En 1899, sur le modèle du Royaume-Uni et des Pays-Bas, la France décide de se doter d’une structure chargée de coordonner les actions entreprises aux colonies pour l’amélioration des productions agricoles. Le Jardin colonial de Nogent est créé et placé sous la tutelle du Ministère des Colonies. On y reçoit des plants et semences des différentes colonies, on les met en culture, les observe, les analyse dans les laboratoires du site. Les variétés jugées intéressantes sont multipliées puis expédiées aux différents jardins d’essai. En 1902, un enseignement supérieur de l’agriculture coloniale est institué à Nogent, afin de spécialiser les ingénieurs agronomes qui se destinent aux colonies. En 1907, l’exposition nationale coloniale y est organisée : en plus des bâtiments dont il a hérité à l’occasion des précédentes expositions, on érige au jardin plusieurs pavillons et villages, et des « animations » mettant en scène la vie des autochtones dans les colonies sont proposées au public.
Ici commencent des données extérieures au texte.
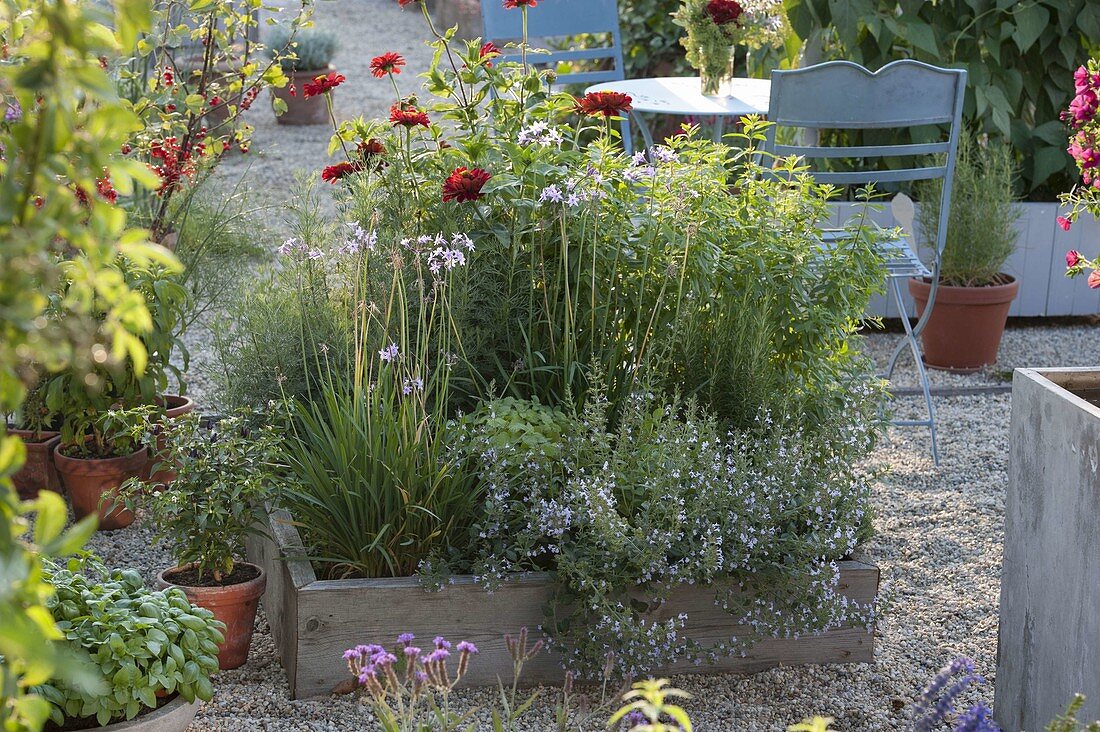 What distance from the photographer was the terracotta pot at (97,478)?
3.14 meters

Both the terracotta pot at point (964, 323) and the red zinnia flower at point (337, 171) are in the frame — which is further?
the terracotta pot at point (964, 323)

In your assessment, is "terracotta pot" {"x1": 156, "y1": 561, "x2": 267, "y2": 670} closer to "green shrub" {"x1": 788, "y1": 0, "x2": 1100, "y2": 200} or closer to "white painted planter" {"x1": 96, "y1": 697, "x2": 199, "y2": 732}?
"white painted planter" {"x1": 96, "y1": 697, "x2": 199, "y2": 732}

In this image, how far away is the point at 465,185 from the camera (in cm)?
263

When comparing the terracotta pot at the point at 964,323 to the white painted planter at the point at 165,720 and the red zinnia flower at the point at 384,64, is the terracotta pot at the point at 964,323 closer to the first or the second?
the red zinnia flower at the point at 384,64

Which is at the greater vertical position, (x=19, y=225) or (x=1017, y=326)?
(x=19, y=225)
Ce type d’expositions est, à juste titre, considéré comme particulièrement troublant aujourd’hui et doit continuer d’être interrogé et analysé avec un éclairage historique.
L’histoire du jardin se poursuit pendant la Première Guerre mondiale, durant laquelle il devient un hôpital destiné aux troupes coloniales et accueille plus de 4800 soldats blessés. A la sortie du conflit, plusieurs monuments dédiés à la mémoire des combattants des différents corps des troupes coloniales morts pour la France sont érigés sur le site. Certains sont toujours visibles aujourd’hui, comme le stupa consacré aux Laotiens et Cambodgiens. Après les années 1920, plusieurs instituts de recherche agronomiques se succèdent au jardin, dans lequel la nature reprend progressivement ses droits. En 1984 est créé le CIRAD qui regroupe l’ensemble des instituts de recherche en agronomie tropicale. Il délèguera la gestion d’une partie du site à la Mairie de Paris en 2003, qui l’ouvre au public l’année suivante et qui poursuit depuis une démarche de réhabilitation du Jardin et de ses bâtiments.
La vingtaine d’acteurs résidant au sein du Jardin ont constitué cette association en 2018. Elle constitue un pôle pluri-acteurs unique de recherche et de coopération internationale en développement durable, dont les membres sont de nature extrêmement variée (organismes de recherche, de formation, bureaux d’étude, collectifs de concertation, entreprises de l'économie sociale et solidaire, etc.). Tous souhaitent « faire Cité » en créant des passerelles entre les enjeux de développement locaux et internationaux. En coopération avec la Ville de Paris, la Cité du Développement durable propose ainsi l’organisation au Jardin d’un certain nombre d’événements et d’animations qui sont autant de plateformes d’expression et d’opportunités d’échange avec le public sur ces thématiques, comme le seront les Nuits des Forêts. L’inscription de la Cité du Développement durable dans le cadre de ce festival fait sens : au-delà de leur implantation historique au sein du Jardin et donc du Bois de Vincennes, une grande partie des membres de la Cité ont en effet une expertise poussée des enjeux forestiers (agroforesterie, filières, certifications, liens aux changements climatiques…).